Problem description: Drop the images; return everything else in the listing below exactly.
________
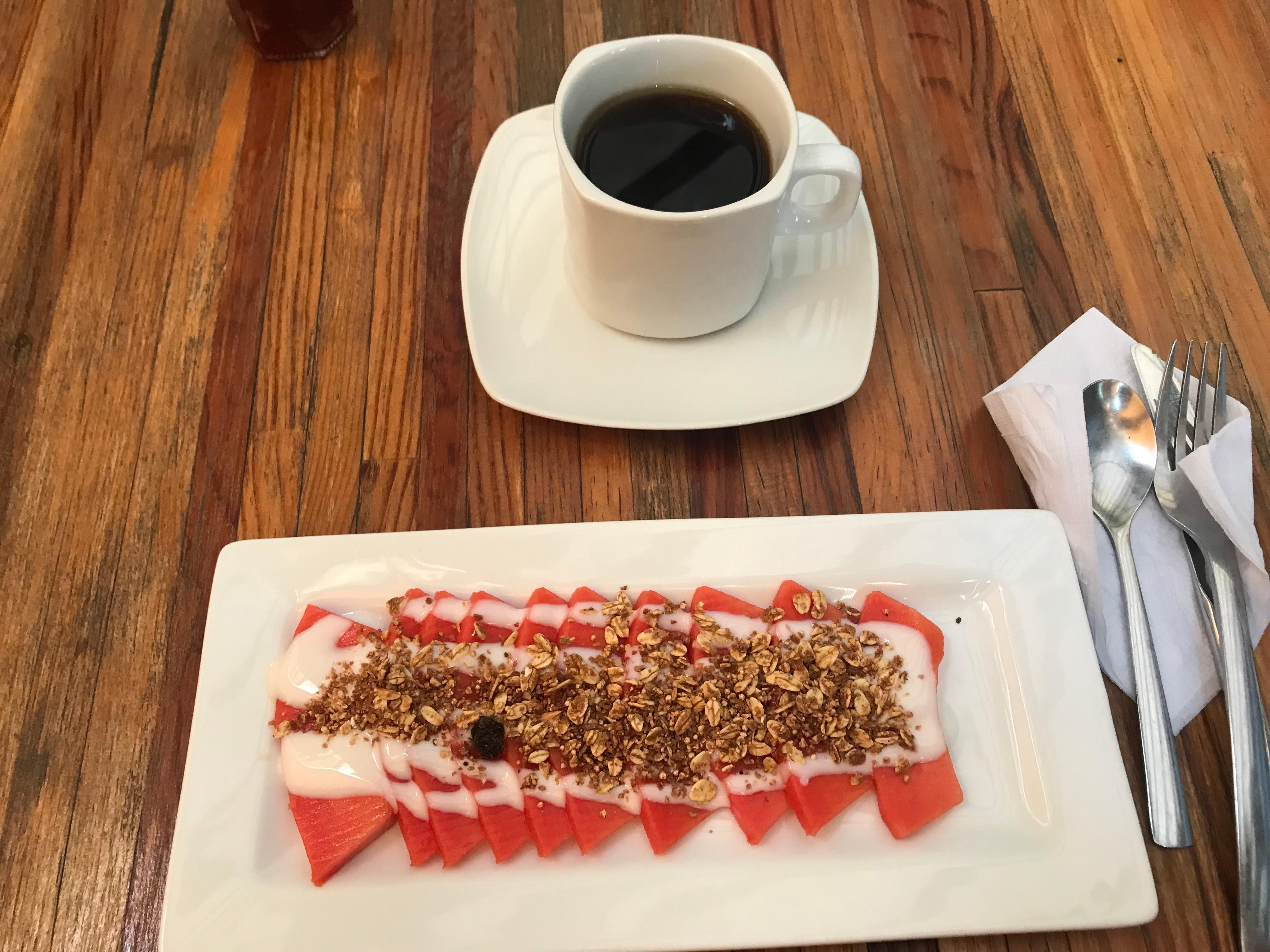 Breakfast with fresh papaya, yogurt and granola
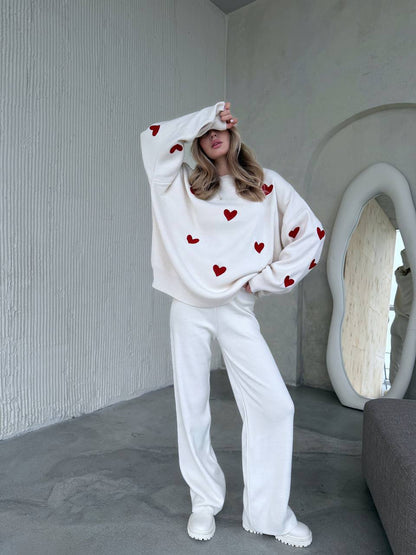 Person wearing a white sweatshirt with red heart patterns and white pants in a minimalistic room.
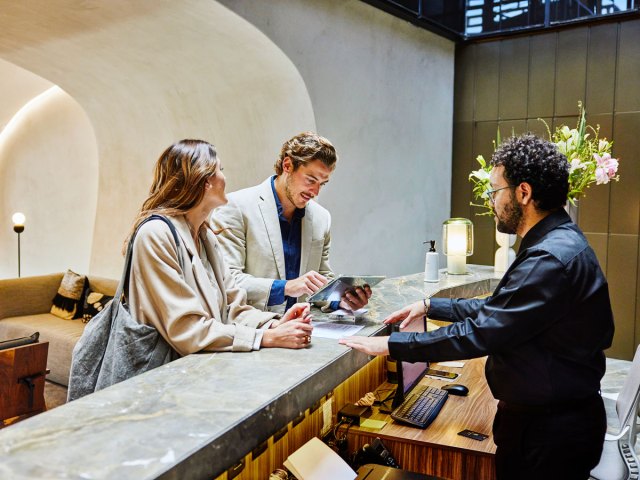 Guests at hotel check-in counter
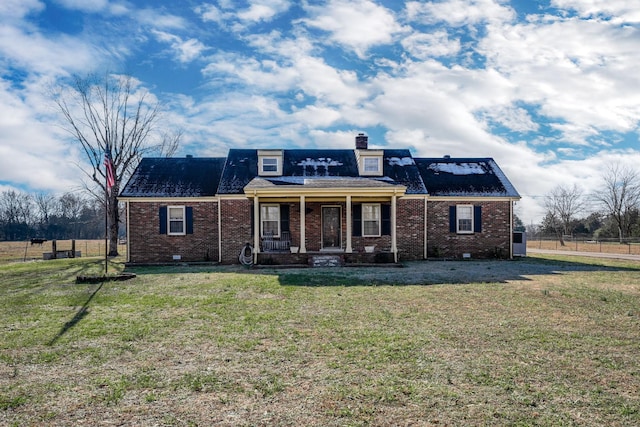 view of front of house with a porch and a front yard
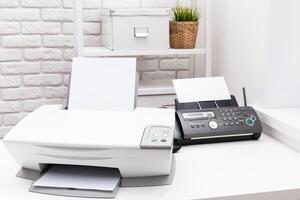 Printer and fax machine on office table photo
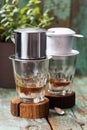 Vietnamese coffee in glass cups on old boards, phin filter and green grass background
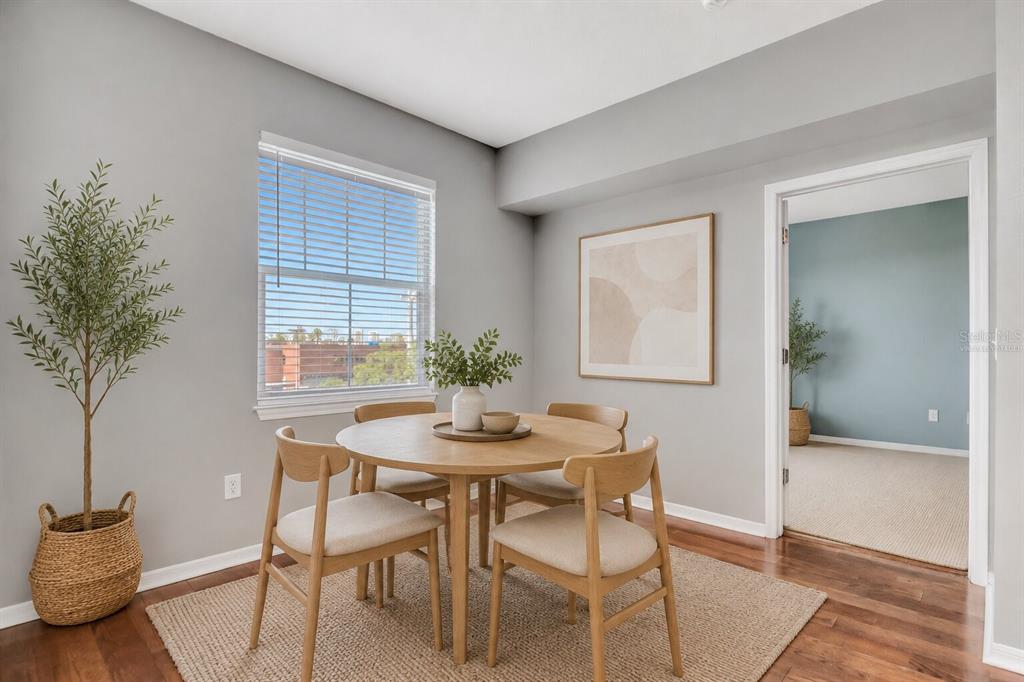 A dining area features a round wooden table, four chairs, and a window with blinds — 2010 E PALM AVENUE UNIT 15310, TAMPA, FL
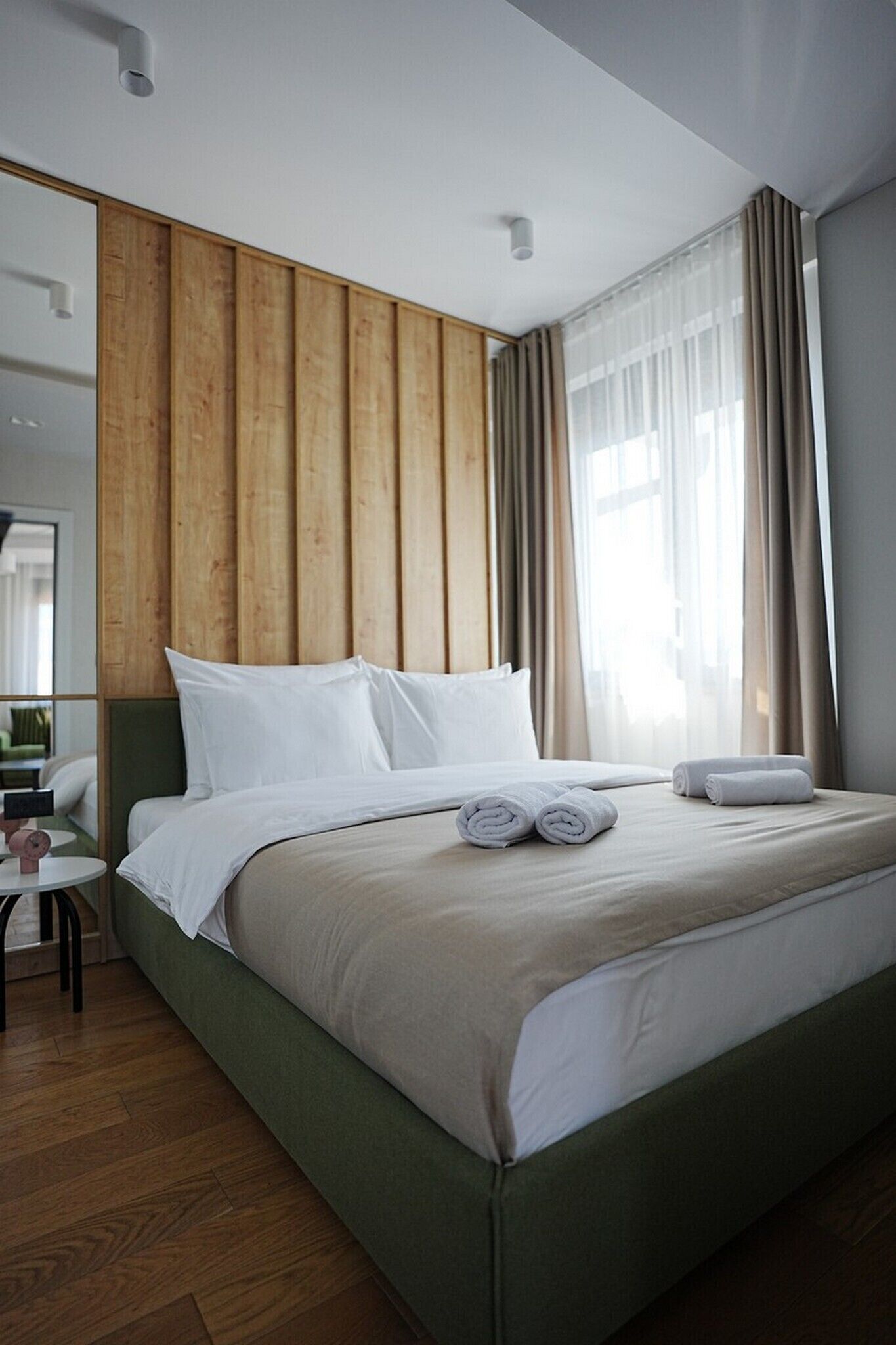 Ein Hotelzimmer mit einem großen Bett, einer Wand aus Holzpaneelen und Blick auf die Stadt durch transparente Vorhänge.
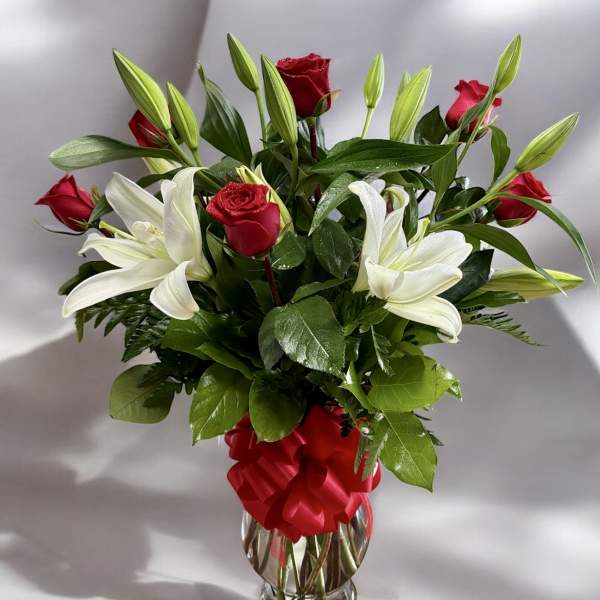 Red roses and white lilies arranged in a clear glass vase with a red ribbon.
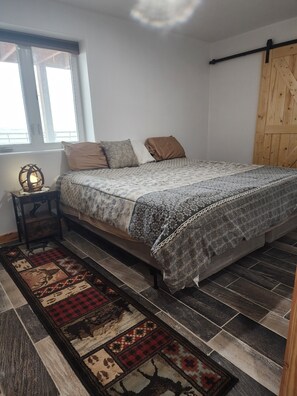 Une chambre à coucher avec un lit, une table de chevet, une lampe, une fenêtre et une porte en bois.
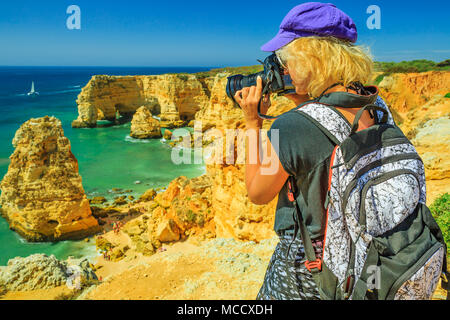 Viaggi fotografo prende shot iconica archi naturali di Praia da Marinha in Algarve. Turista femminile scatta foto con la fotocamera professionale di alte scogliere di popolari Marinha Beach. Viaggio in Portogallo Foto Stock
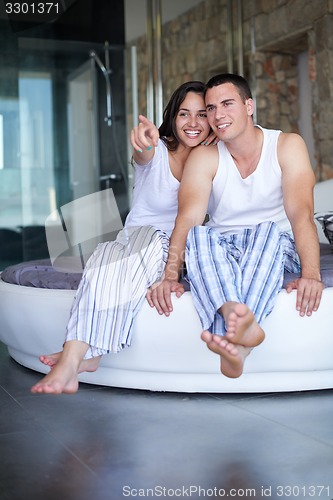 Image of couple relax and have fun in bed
________
Exercise output:
 Breakfast with fresh papaya, yogurt and granola
 Person wearing a white sweatshirt with red heart patterns and white pants in a minimalistic room.
 Guests at hotel check-in counter
 view of front of house with a porch and a front yard
 Printer and fax machine on office table photo
 Vietnamese coffee in glass cups on old boards, phin filter and green grass background
 A dining area features a round wooden table, four chairs, and a window with blinds — 2010 E PALM AVENUE UNIT 15310, TAMPA, FL
 Ein Hotelzimmer mit einem großen Bett, einer Wand aus Holzpaneelen und Blick auf die Stadt durch transparente Vorhänge.
 Red roses and white lilies arranged in a clear glass vase with a red ribbon.
 Une chambre à coucher avec un lit, une table de chevet, une lampe, une fenêtre et une porte en bois.
 Viaggi fotografo prende shot iconica archi naturali di Praia da Marinha in Algarve. Turista femminile scatta foto con la fotocamera professionale di alte scogliere di popolari Marinha Beach. Viaggio in Portogallo Foto Stock
 Image of couple relax and have fun in bed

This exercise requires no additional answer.